In response, two friends of mine started a company called Organic India. They approached about five hundred farmers in the village of Azamgarh and offered to pay them well for their produce if they would farm it organically. Certifying so many farms under one company was cost prohibitive, so Organic India negotiated what was called a ‘group certification’ — one certification for many farms. However, under group certification, if one farmer deviated from the program, say by planting GM seeds or spraying their crop, then they ruined the certification for all of the farmers and the entire company. The farmers agreed to the program and the partnership, and they began to see their lives turn around. Their work had been returned to the earth, to a right relationship to it and as a result, they were beginning to thrive again.

But the corporations caught wind of this and sent their men into the village to bribe one of the farmers to sabotage the program. He sprayed his crops with DDT, and thus ruined the certification for every other farmer. The farmers’ lives had been stolen. 

The farmers went to my friends and pleaded for help. Surely there was something they could do. But my friends did not have a solution for them, so the Indian farmers decided to handle things in their own way for themselves. So when the corporate men came to the village again, they were met at the end of the road by a mob of villagers with sticks and stones, and told that if they entered the village, they would not come out again. That was the beginning of the end of corporate agriculture’s stronghold in India.

Now Organic India has over ten thousand organic farms all over India. The transformation has been immense and at the same time simple, because the farmers have seen for themselves the gains for their stewardship of the earth.

I tell you this story, because I am struck by the image of the villagers meeting those suited men with their sticks — taking a stand for their lives.

We today have a few suited men at our village entrance. They come in the form of Tara Brown, Wicked Vans, the media, public policy and globalisation.

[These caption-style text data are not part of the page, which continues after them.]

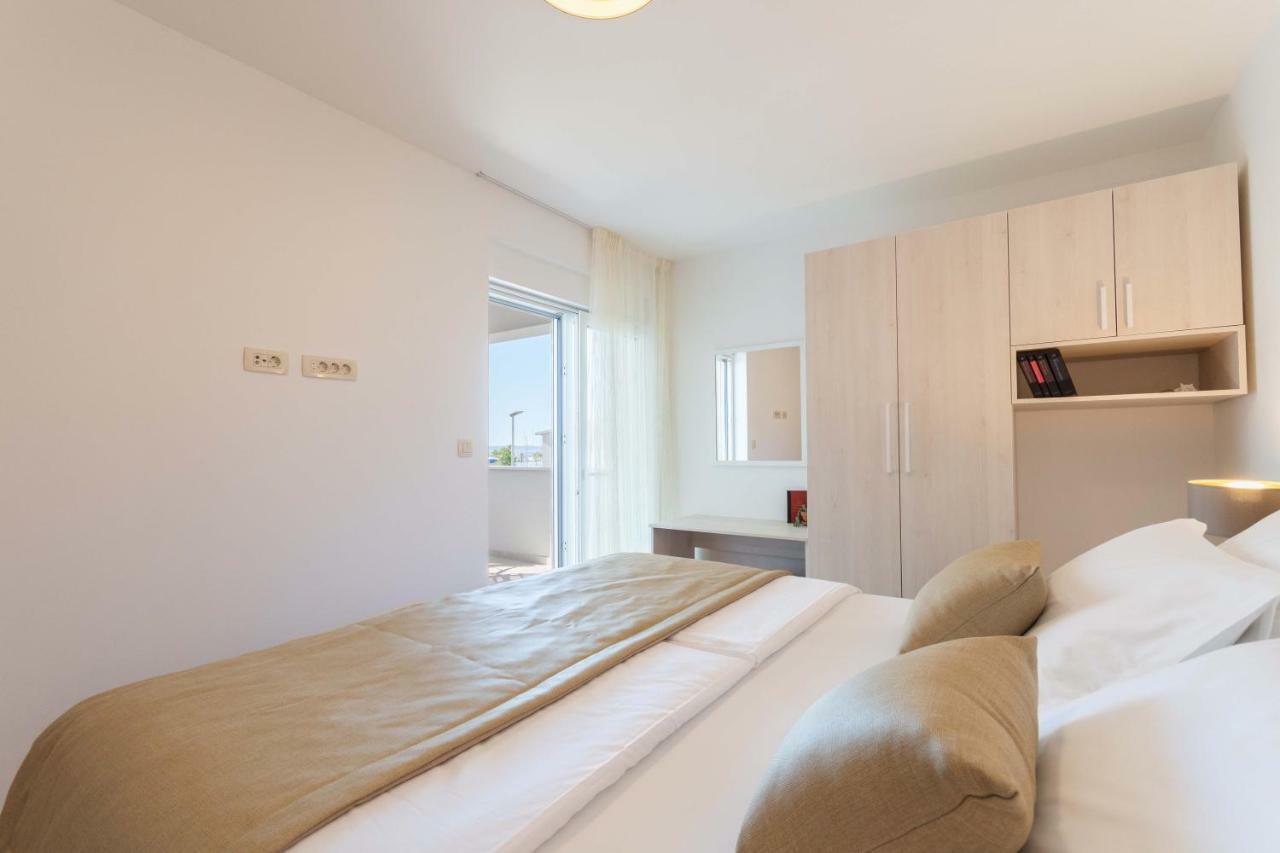 פודסטראנה Apartment House Ivan John מראה חיצוני תמונה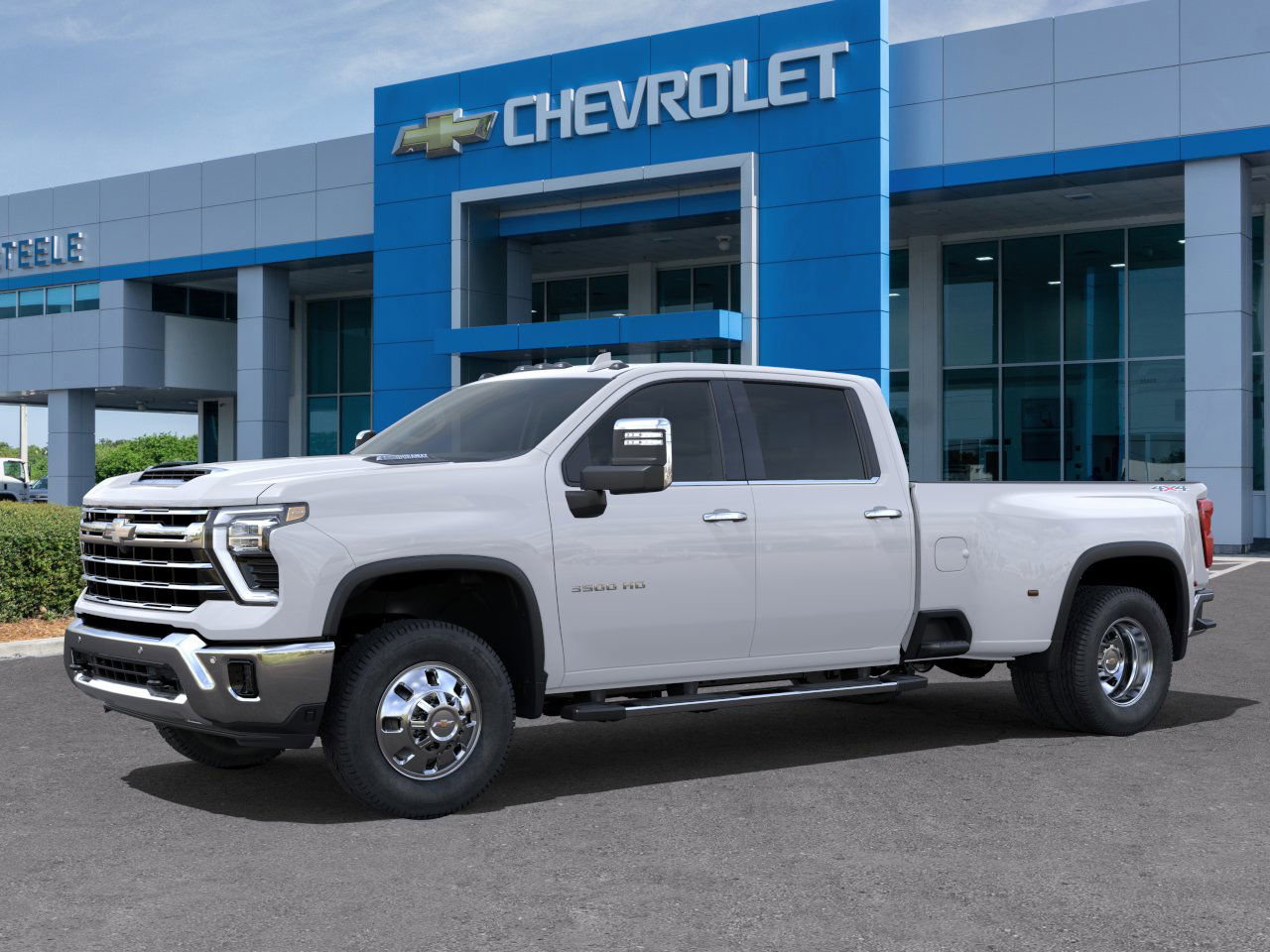 2025 Chevrolet Silverado 3500HD LTZ photo 2
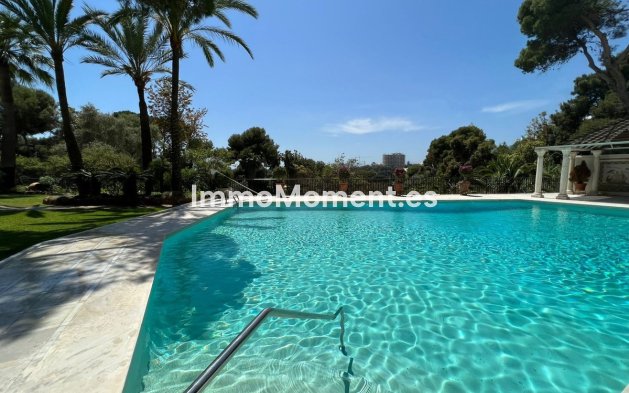 Revente - Villa - Marbella - Río Real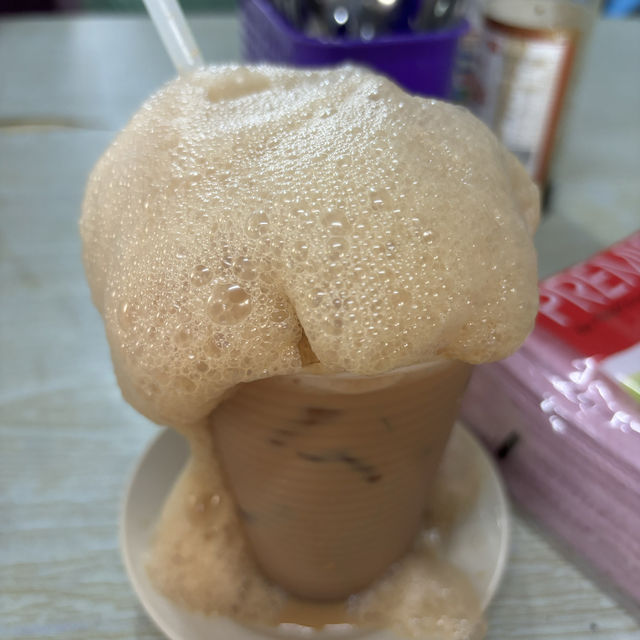 the best teh tarik ais in town!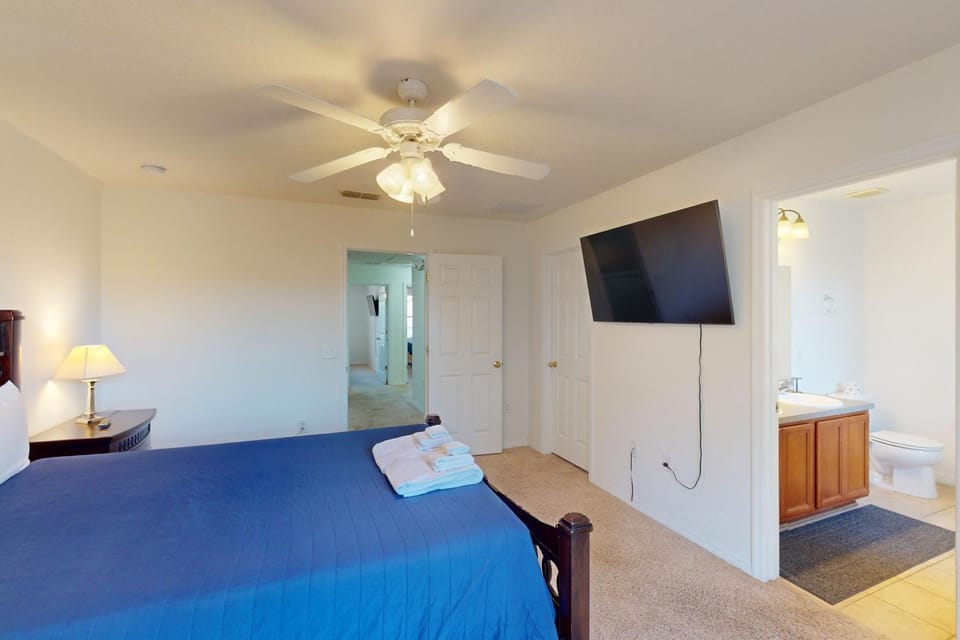 Bed, TV and multimedia, Bedroom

They come in the form of shaming relatives, and most importantly, in the form of our own collective denial and complacency. We need to meet them at the road, with our proverbial sticks and shout, ‘No! Leave from here!’

We could probably do with a healthy dose of stick-raising anger at the moment — anger at what has become so all-pervading that we no longer even see it any more: the hatred for and fear of the feminine. Because misogyny is not something that should be tolerated. And remember, misogyny doesn’t stop with women — it is reflected in how we treat the planet and children. And how we treat ourselves, man or woman, when we are vulnerable.

And every time a van drives through town with spray-painted references to a vagina, or a footballer violates another woman only to be cheered on later that day, or a news show shames breastfeeding — we are collectively saying, ‘it’s OK that the planet is exploited and that mothering is violated’. And every time a woman remains quiet about it, the message is even louder.

Watch out for the spiritual misogyny that will attempt to talk you out of your anger and stick-waving — implying that such responses are unevolved, unnecessary, or worse, ineffective. Perhaps instead, tap into that feral nature that instinctually knows what is happening to our world and to our society is dangerous for babies, children and mothers. And then, speak up. Every voice is important, no — essential. Because if we don’t speak up for ourselves, who will? And if we don’t speak up now, when will we? When the last ice cap melts?

Beware when they come looking for you. When they discover you ‘don’t spank’ they’ll tie you up in the village square, ridicule you and burn you at the stake.

And when they come, will we meet them at the road with our sticks?